By Elisabeth Sherman
Updated February 13, 2018
EC: Will Soy Milk Have to Change Its Name in the US?
Credit: photo by Justin Sullivan via getty images

The FDA and the US Department of Agriculture are fighting over one innocent-seeming food item: Soy milk, and in particular, whether or not that’s the proper term for the plant-based drink. According to recently released emails cited in a report from the Ohama World-Herald, the US Department of Agriculture “fervently” advocated for the use of the term “soy milk,” drawing the ire of the Food and Drug Administration, which believes that picking a term to describe the beverage that comes from soy is “not a trivial decision.”

The Good Food Institute uncovered the emails, in which a nutritionist working for the Department of Health and Human services let the FDA know that the USDA planned to release educational materials to the public that use the term soy milk.

In the exchange, the FDA points out that they define milk as “lacteal secretion,” which means that almond, soy, rice, and coconut “milk,” can’t be correctly labeled as such.

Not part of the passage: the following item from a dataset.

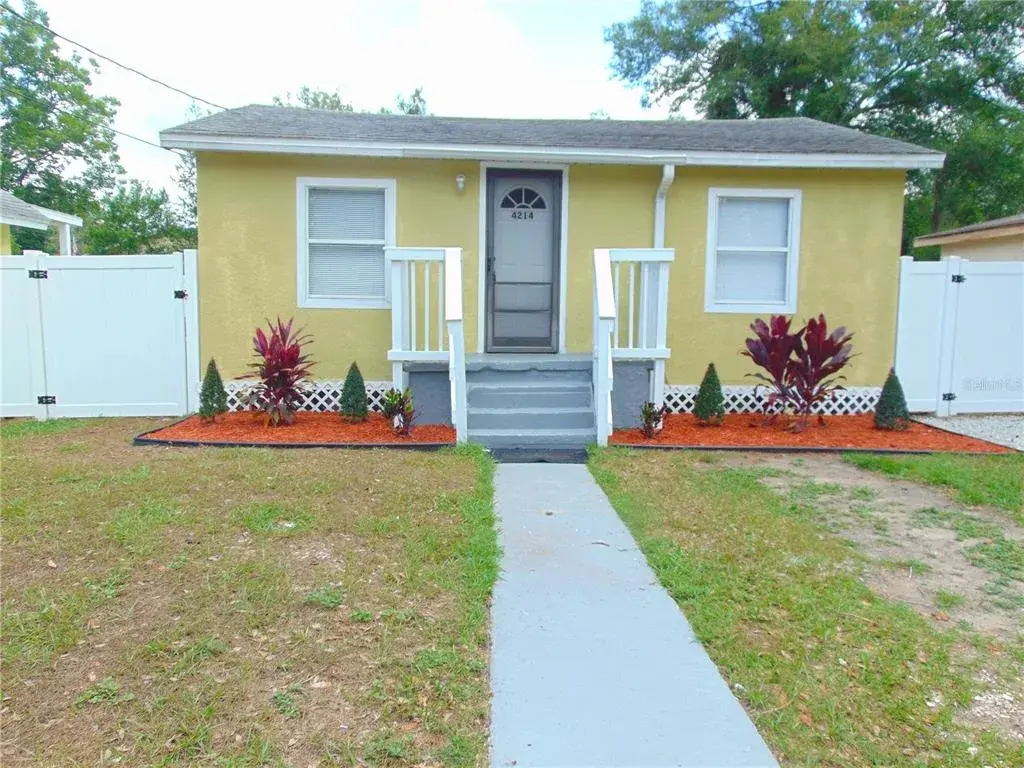 Property for sale at 4214 E PALIFOX STREET, TAMPA, FL, 33610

They suggested using the word “beverage” instead.

Though the FDA warned that continuing to use the term “soy milk” could undermine their authority, the nutritionist wrote that the USDA was “adamant about using the term in consumer publications” at the time.

Enter the National Milk Producers Federation, which is currently working on legislation requiring the FDA to enforce the federal standards for what can be considered true milk, while arguing that using the word "milk" is inappropriate when labeling non-diary, plant-based drinks.

The plant-based beverages industry is experiencing a boom right now: In 2016, the market was valued at around $7 billion; by 2022 it’s expected to be worth $14 billion. One of the driving forces behind that boom might be not just the varied applications of a beverage like coconut milk in products like yogurt and ice cream, but also the growing number of health-conscious consumers flooding the market.

The debate over soy milk has already been settled in the EU, where courts ruled in June that almond, rice, and soy beverages can’t be called “milk.”

Meanwhile, the FDA and the Department of Agriculture have not been able to decide on one official term for plant-based beverages. This may prove to an ongoing problem for the federal agencies, which haven’t been able to agree on what the term “natural,” means either.